Posted in Climate Change Legislation, News / Comments are closed

Check out this week’s Expert Q &A on the Gulf oil spill

As part of EDF’s mission to keep the public informed of the largest challenges facing the environment, we have put together a series called Expert Q&A. The goal is to get simple answers to pressing questions from the people who know the issues inside and out, our EDF staff experts.

This week the expert Q & A focuses on the gulf oil spill and how the disaster will affect our chances of passing the recently released climate bill, the American Power Act.

The expert in question and being questioned is Steve Cochran, the director of our National Climate Campaign.

In answer to the question of whether a spill in the Gulf was inevitable, Steve responds:

“We have a saying where I grew up: If you continue to load the gun, God will provide the drunk or the fool who is going to pull the trigger. There are over 3,000 operating wells in Gulf. I know firsthand how great the pressure is to produce at all costs, even at the expense of cutting corners on safety. Sad to say, it was only a matter of time before it caught up with us.”

When asked about how to prevent further disasters, Steve explains that:

“It is going to happen again even if we never drilled another new well.

But we can do several things to protect ourselves. We can require that the emergency response infrastructure be in place – I’m talking warehouses filled with booms and equipment – so when there is another spill we can respond more quickly. It’s incredible to me that this doesn’t exist today.

Second, we can make it more expensive for oil companies to cut back on safety. We have to make sure that oil companies are held accountable, pay for the protections and pay for the clean up and the carbon pollution associated with these products.

Making the polluter pay will do more than anything else we can do to reduce the risk of exposure to these pollutants. We can mandate it, we should, we can require it, and we should. But, making them pay for it, making sure they know the dollars will come out of their pocket if they make a mistake, that’s the key.”

Steve also shares some sage words on how passing a smart climate bill focused on public safety is essential to helping us transition into a clean energy economy.
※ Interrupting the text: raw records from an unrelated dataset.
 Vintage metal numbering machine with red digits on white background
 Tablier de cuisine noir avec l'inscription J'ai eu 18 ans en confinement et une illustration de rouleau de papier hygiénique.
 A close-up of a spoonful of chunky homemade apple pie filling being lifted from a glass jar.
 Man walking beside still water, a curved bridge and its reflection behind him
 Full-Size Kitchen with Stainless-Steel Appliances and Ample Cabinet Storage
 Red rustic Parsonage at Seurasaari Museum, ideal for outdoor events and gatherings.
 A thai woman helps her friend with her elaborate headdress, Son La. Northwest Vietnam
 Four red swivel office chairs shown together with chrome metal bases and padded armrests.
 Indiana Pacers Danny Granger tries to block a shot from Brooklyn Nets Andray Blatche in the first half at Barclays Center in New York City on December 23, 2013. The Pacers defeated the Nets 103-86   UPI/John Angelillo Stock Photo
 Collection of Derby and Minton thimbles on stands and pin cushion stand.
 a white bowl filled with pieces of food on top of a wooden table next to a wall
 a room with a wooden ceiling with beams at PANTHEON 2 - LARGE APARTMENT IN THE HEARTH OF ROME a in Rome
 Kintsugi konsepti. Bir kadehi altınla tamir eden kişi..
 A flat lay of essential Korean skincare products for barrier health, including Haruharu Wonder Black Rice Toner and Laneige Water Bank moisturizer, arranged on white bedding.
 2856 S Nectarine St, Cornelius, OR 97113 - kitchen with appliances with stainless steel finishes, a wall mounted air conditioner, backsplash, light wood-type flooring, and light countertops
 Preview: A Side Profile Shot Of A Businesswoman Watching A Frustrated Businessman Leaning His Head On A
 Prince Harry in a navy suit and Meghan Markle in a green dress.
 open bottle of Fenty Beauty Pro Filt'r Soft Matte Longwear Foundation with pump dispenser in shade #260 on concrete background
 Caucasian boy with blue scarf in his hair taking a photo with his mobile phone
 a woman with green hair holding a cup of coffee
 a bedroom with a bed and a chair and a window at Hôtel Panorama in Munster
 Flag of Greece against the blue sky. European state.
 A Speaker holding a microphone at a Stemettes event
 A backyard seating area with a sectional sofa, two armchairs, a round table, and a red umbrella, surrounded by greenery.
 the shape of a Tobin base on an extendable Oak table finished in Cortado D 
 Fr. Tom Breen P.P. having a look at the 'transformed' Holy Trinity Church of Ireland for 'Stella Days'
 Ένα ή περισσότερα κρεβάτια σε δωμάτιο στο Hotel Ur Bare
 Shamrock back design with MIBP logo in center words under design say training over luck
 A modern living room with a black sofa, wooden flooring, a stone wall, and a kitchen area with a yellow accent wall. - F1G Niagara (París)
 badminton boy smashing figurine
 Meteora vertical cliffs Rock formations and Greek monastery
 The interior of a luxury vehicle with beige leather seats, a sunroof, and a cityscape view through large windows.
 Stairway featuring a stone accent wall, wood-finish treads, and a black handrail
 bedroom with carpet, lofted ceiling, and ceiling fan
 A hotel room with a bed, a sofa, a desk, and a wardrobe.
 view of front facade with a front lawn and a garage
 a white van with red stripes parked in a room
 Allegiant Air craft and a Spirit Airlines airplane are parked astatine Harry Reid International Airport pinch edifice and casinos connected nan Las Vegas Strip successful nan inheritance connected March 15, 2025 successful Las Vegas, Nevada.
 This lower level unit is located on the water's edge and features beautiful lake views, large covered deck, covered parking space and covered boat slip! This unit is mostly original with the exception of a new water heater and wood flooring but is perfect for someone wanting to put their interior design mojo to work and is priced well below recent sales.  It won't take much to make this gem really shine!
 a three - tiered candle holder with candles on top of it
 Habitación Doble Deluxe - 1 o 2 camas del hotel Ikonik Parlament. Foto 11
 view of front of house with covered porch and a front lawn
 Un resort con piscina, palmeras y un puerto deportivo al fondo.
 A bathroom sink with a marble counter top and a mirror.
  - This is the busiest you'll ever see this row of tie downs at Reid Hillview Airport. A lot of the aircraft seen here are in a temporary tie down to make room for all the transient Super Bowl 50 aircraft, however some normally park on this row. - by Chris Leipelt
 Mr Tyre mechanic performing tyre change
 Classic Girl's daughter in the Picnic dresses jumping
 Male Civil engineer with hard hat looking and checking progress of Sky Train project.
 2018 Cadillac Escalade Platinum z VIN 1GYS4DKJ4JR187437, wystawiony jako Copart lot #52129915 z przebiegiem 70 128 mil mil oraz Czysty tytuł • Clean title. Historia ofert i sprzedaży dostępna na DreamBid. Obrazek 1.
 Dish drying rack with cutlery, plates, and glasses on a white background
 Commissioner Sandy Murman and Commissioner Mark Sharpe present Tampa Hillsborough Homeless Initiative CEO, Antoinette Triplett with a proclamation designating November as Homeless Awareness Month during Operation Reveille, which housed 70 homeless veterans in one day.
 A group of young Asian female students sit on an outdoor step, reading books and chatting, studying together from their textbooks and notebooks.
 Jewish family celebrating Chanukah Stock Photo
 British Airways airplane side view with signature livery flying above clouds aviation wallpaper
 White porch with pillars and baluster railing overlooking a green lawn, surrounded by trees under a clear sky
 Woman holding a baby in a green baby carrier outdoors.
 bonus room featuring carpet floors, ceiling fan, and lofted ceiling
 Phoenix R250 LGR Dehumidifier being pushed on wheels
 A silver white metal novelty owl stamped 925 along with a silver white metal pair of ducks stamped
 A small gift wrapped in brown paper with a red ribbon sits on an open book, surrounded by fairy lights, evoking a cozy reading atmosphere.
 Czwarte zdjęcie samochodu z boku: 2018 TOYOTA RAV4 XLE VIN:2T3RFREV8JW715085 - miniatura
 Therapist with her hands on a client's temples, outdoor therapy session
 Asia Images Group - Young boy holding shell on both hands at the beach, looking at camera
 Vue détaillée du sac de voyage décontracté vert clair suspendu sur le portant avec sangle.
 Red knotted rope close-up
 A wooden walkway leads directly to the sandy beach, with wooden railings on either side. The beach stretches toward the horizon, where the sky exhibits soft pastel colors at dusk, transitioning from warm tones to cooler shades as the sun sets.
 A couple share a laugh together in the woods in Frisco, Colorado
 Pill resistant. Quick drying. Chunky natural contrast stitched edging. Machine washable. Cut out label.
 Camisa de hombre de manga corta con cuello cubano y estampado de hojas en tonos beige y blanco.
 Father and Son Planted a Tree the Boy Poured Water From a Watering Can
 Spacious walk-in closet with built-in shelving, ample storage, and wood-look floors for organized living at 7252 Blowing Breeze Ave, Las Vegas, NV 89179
“There are two pieces to it. One, I don’t think we should have any discussion about new drilling until we have the safeguards and protections in place that give us more confidence that we won’t face what we are facing right now. Without that I don’t know how to have that conversation. It’s hard to turn on the television every day and say we know how to do this well enough. So for the short-term view we have to focus on the safety and precautions and see if we can put a system in place that gives people some confidence.

The second piece of course is the critical need to cap our carbon pollution, which will create powerful economic incentives to transition to a clean energy economy.”

Read the full Q & A here.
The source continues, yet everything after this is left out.